▶ [WHAT TO WORK ON]:
Below are several entries. Transcribe exactly those lines that fall from the one with "Handmade Beautiful Labradorite" through the one with "Chạy công an", end lines included.

_ _ _ _

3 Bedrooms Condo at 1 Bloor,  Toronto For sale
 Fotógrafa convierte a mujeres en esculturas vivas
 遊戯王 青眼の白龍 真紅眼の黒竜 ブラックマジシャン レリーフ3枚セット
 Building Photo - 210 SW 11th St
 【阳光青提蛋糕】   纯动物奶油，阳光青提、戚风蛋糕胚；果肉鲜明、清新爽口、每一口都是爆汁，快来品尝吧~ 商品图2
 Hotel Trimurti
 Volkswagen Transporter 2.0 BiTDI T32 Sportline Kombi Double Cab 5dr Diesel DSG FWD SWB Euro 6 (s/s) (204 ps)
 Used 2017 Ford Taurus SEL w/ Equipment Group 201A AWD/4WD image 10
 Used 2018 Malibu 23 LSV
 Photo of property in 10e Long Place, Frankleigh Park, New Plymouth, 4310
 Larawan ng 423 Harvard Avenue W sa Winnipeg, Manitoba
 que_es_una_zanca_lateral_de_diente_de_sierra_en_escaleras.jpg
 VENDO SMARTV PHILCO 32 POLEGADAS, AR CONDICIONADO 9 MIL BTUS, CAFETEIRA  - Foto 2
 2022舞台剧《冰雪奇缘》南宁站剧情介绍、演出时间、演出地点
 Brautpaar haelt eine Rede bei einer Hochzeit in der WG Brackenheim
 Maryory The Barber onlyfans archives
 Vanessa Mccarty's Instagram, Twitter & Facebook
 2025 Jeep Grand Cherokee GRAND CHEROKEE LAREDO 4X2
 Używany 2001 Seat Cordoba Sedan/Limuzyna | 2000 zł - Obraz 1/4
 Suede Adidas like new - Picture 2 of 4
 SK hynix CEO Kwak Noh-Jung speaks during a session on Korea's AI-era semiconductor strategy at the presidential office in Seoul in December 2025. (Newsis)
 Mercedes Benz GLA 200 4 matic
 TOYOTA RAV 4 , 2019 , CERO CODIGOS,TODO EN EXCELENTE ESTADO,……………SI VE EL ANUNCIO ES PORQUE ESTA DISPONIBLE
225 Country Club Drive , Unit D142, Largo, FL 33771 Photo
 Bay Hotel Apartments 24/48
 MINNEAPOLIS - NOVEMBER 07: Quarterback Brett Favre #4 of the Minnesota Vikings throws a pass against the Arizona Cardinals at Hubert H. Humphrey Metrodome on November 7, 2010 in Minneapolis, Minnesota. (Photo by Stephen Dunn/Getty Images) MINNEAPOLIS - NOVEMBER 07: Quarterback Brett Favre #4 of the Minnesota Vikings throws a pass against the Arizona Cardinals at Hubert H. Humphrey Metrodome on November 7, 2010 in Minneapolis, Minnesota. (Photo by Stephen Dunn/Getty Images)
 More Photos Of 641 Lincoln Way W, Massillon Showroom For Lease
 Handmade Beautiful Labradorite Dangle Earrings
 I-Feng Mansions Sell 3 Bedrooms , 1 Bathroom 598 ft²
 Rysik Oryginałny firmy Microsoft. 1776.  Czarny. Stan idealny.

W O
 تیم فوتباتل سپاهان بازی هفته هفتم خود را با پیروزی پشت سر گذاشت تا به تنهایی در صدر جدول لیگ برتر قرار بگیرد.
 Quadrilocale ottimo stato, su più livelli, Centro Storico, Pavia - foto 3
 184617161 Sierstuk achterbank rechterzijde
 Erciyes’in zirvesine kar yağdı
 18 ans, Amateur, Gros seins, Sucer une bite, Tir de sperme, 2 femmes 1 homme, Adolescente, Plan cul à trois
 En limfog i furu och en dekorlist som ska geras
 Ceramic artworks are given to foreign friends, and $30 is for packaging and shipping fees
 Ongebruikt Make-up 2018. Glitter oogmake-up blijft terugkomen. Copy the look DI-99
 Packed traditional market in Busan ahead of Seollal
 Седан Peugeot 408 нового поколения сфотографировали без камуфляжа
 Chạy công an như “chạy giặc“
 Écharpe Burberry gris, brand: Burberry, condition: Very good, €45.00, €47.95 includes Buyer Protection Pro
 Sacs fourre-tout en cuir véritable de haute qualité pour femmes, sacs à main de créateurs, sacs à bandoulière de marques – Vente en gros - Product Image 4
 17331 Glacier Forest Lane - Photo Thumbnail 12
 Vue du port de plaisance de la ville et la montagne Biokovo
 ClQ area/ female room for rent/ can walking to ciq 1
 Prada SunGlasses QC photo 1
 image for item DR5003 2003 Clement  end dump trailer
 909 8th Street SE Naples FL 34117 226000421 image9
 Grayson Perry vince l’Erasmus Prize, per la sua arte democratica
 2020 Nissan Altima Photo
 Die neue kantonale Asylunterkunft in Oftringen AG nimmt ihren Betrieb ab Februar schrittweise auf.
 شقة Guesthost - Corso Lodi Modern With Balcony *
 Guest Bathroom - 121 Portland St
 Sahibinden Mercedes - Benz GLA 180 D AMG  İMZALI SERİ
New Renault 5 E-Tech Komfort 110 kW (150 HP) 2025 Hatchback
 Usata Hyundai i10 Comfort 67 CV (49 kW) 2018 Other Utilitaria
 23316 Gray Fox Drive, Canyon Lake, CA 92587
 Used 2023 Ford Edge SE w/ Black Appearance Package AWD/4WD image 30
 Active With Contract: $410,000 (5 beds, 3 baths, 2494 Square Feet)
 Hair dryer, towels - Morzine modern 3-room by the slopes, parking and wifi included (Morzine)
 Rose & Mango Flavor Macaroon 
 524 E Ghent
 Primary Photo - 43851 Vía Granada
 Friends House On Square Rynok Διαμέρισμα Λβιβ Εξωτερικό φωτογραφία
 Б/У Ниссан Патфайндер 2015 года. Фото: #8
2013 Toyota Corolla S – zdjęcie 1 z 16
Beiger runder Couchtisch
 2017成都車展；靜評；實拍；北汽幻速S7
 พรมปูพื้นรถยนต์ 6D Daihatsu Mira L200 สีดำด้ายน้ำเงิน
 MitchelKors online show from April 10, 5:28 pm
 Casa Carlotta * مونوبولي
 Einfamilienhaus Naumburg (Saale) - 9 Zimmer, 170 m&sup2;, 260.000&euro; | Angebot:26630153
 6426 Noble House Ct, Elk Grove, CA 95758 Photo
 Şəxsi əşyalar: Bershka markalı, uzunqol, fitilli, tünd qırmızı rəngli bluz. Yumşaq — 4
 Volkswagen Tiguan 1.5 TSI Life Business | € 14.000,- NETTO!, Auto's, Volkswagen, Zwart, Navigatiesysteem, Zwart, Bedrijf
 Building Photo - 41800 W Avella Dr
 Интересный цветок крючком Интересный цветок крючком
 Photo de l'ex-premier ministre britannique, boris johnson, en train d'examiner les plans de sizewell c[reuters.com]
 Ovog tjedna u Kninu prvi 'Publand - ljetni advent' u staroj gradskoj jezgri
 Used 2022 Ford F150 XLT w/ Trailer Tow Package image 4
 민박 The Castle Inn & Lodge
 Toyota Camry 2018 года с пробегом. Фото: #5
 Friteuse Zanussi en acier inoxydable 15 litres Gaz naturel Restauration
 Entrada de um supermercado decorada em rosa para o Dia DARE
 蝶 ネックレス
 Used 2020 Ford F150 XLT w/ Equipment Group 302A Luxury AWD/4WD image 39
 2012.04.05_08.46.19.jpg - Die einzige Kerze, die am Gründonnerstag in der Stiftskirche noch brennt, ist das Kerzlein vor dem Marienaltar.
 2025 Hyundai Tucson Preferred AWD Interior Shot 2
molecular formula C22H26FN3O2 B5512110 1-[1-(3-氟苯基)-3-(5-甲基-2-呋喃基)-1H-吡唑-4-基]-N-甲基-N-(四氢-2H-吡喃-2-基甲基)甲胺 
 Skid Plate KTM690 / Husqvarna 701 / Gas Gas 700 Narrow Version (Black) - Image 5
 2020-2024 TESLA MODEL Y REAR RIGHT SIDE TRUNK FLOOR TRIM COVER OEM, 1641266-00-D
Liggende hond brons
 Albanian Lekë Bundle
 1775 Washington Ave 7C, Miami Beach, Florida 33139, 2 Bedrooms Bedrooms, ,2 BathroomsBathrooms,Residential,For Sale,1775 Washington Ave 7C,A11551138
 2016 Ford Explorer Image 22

_ _ _ _

▶ [SOLUTION TO THIS TASK]:
 Handmade Beautiful Labradorite Dangle Earrings
 I-Feng Mansions Sell 3 Bedrooms , 1 Bathroom 598 ft²
 Rysik Oryginałny firmy Microsoft. 1776.  Czarny. Stan idealny.

W O
 تیم فوتباتل سپاهان بازی هفته هفتم خود را با پیروزی پشت سر گذاشت تا به تنهایی در صدر جدول لیگ برتر قرار بگیرد.
 Quadrilocale ottimo stato, su più livelli, Centro Storico, Pavia - foto 3
 184617161 Sierstuk achterbank rechterzijde
 Erciyes’in zirvesine kar yağdı
 18 ans, Amateur, Gros seins, Sucer une bite, Tir de sperme, 2 femmes 1 homme, Adolescente, Plan cul à trois
 En limfog i furu och en dekorlist som ska geras
 Ceramic artworks are given to foreign friends, and $30 is for packaging and shipping fees
 Ongebruikt Make-up 2018. Glitter oogmake-up blijft terugkomen. Copy the look DI-99
 Packed traditional market in Busan ahead of Seollal
 Седан Peugeot 408 нового поколения сфотографировали без камуфляжа
 Chạy công an như “chạy giặc“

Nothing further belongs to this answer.